AT&T finds reception it wants on the big screen > By Sanford Nowlin, Houston Chronicle

SAN ANTONIO – Moviegoers have been seeing a lot of AT&T lately.

The telecom titan is sponsoring a series of pre-movie announcements where well-known directors urge audience members to quiet their cell phones. Maybe you’ve seen the one where Goodfellas director Martin Scorsese barges into a family’s home to tell a woman how she should act while on the phone with her husband. Or the others, which feature actor/directors Sydney Pollack and Forest Whitaker in similar scenarios.

At the end of the 30-second spots, the message is spelled out atop an orange AT&T logo: “We don’t interrupt your phone calls. Please don’t interrupt our movies.”

The announcements now running on Regal Entertainment Group’s 15,000 U.S. screens have been so successful that San Antonio-based AT&T is thinking of expanding them, officials said. Indeed, the company is considering a boost in cinema advertising in general.

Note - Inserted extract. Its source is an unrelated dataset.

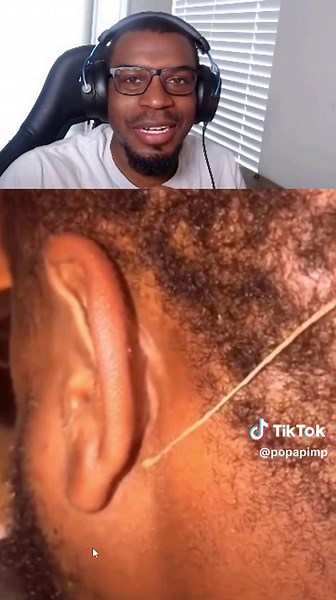 WATCH THIS HEAD PIMPLE POP! 😱😳 #pimple #cyst #pimples #pimplepop #reaction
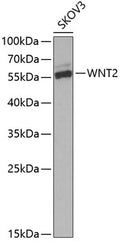 Western blot analysis of extracts of SKOV3 cells, using WNT2 Antibody  at 1:1000 dilution._Secondary antibody: HRP Goat Anti-Rabbit IgG   at 1:10000 dilution._Lysates/proteins: 25ug per lane._Blocking buffer: 3% nonfat dry milk in TBST._Detection: ECL Enhanced Kit ._Exposure time: 60s.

“The audience likes them; we’ve had a positive response,” said Daryl Evans, vice president of advertising for AT&T’s wireless division.

AT&T wouldn’t disclose how much it’s paying for the announcements.

Of course, AT&T isn’t alone in exploring movie houses as ad venues. Theater advertising rose to $455.6 million in 2006, the most recent year for which data is available, according to the Cinema Advertising Council. That’s up 15 percent from the previous year. Eager to make up for flat ticket sales, cinema operators are inserting more local and national ads in the reel that theaters run before they show trailers, analysts said.

“Your audience can’t change the channel,” said Cliff Marks, president of Colorado-based National CineMedia, which provides digital movie ads for theater chains including Regal and AMC Entertainment.

Even so, advertisers can wear out their welcome if they fail to keep audiences engaged in their on-screen commercials, said Harvey Hoffenberg, president of Connecticut-based brand consultant Propulsion.

AT&T’s spots have been successful because they’re engaging and fun, he adds. And they bear a message that moviegoers can get behind: Use your phone responsibly.